Nothing in the copy should be a picture; everything else in the listing is to be restated exactly.
______________________________
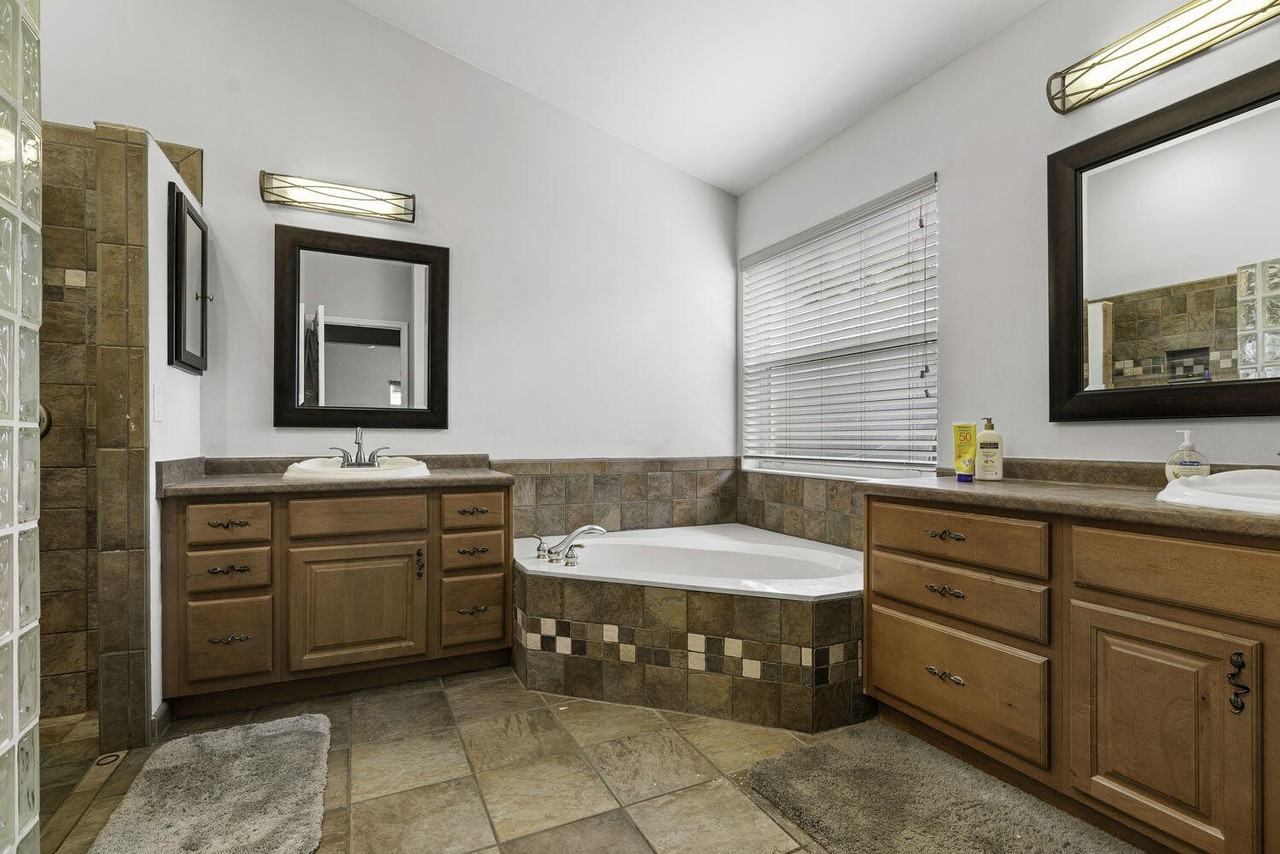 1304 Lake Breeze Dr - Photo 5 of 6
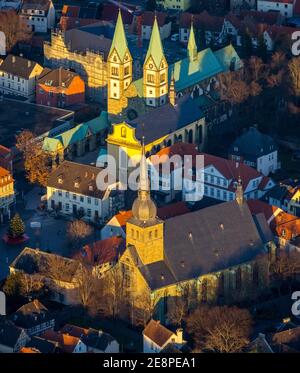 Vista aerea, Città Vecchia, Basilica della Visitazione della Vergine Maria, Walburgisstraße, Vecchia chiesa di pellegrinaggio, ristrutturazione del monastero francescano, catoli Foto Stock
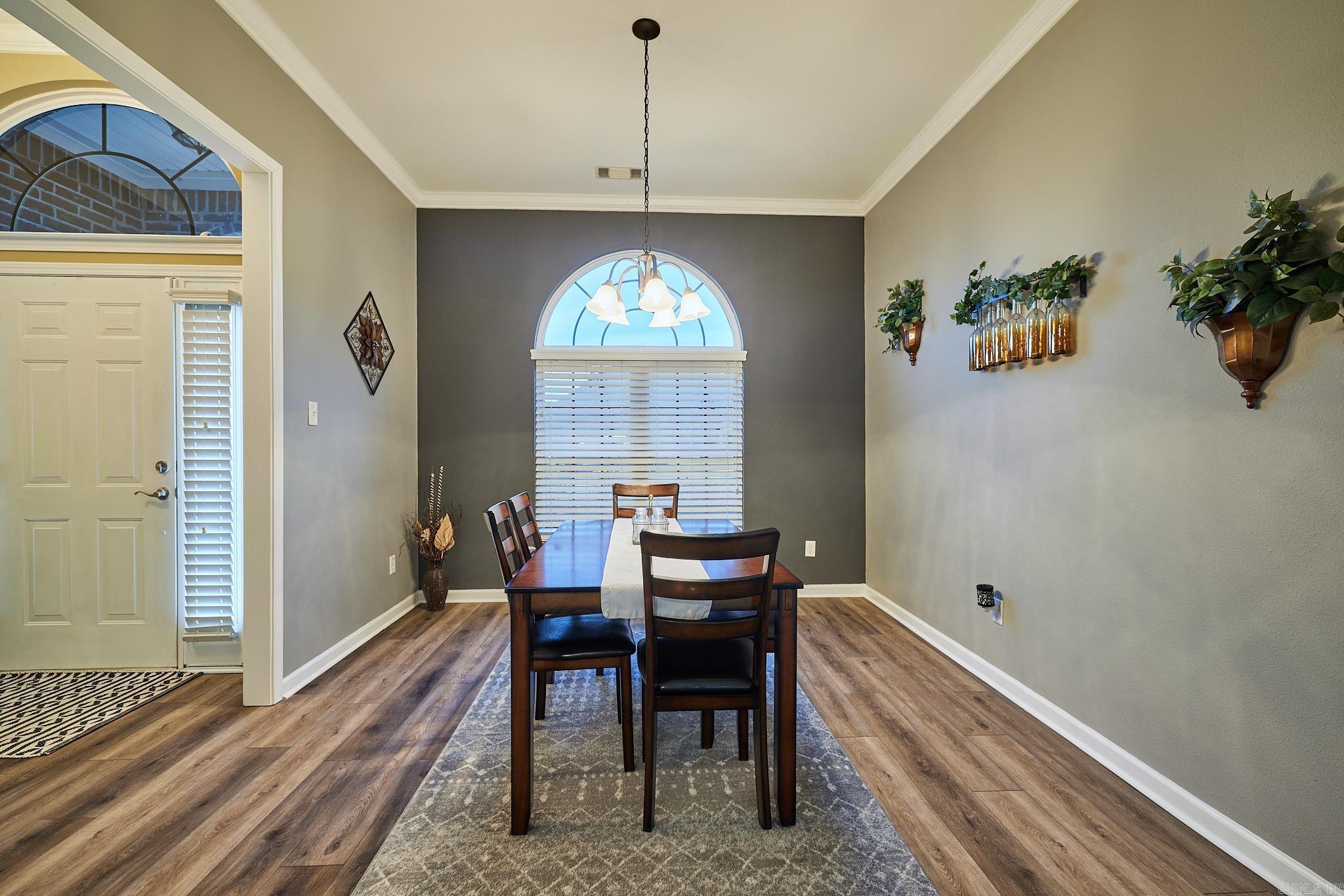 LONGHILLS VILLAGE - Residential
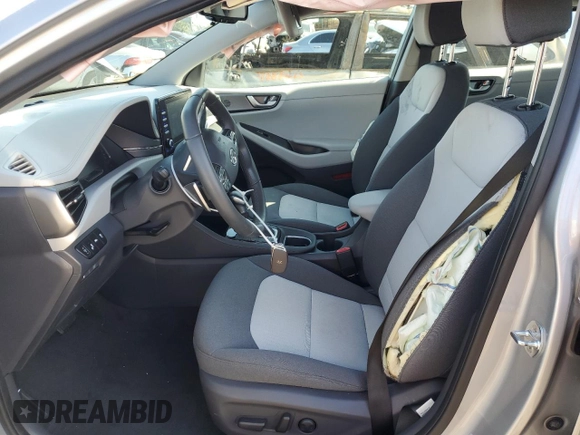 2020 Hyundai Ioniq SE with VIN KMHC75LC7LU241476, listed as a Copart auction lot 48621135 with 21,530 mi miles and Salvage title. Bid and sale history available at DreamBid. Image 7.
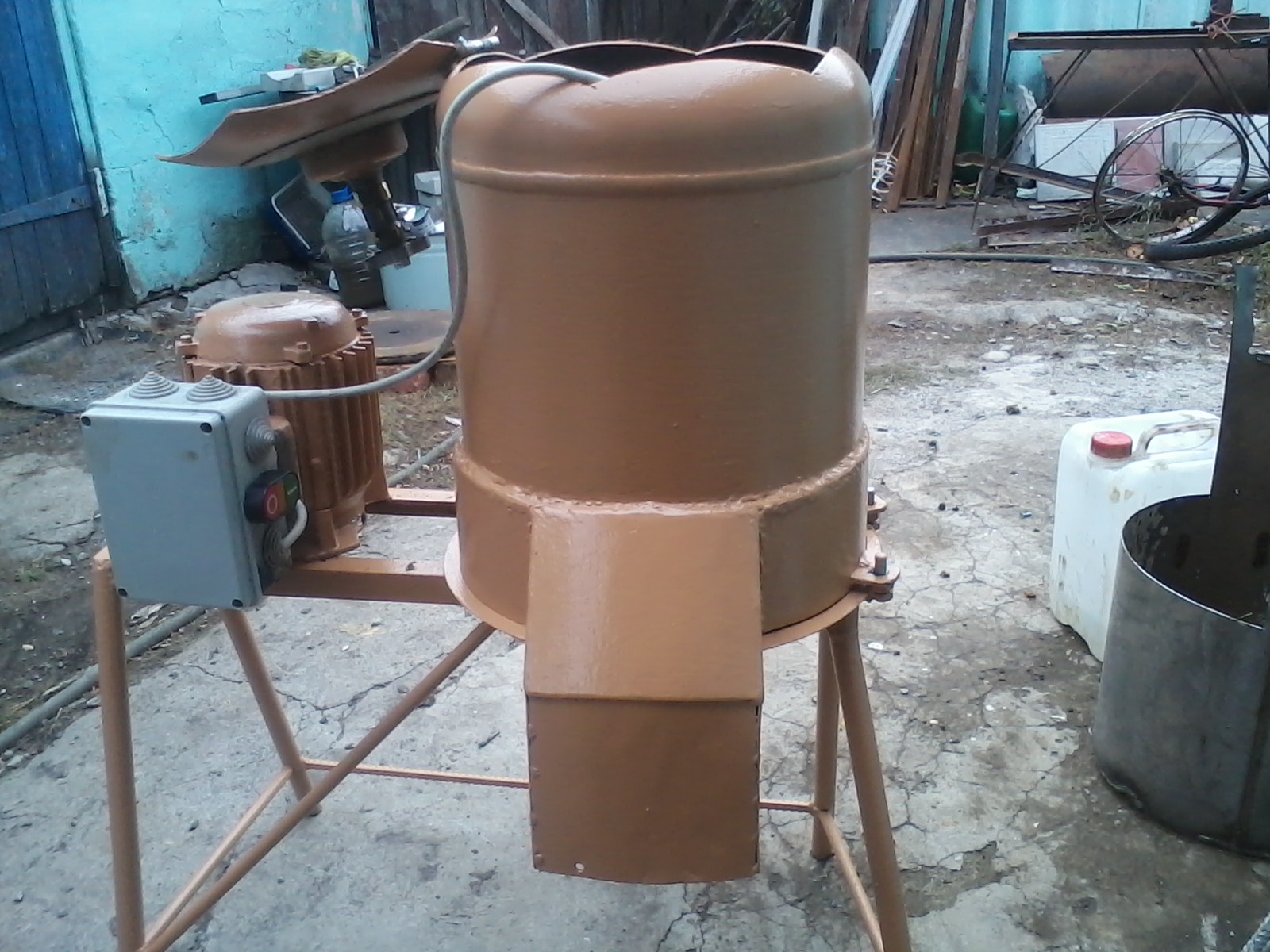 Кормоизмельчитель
______________________________
### Task response
 1304 Lake Breeze Dr - Photo 5 of 6
 Vista aerea, Città Vecchia, Basilica della Visitazione della Vergine Maria, Walburgisstraße, Vecchia chiesa di pellegrinaggio, ristrutturazione del monastero francescano, catoli Foto Stock
 LONGHILLS VILLAGE - Residential
 2020 Hyundai Ioniq SE with VIN KMHC75LC7LU241476, listed as a Copart auction lot 48621135 with 21,530 mi miles and Salvage title. Bid and sale history available at DreamBid. Image 7.
 Кормоизмельчитель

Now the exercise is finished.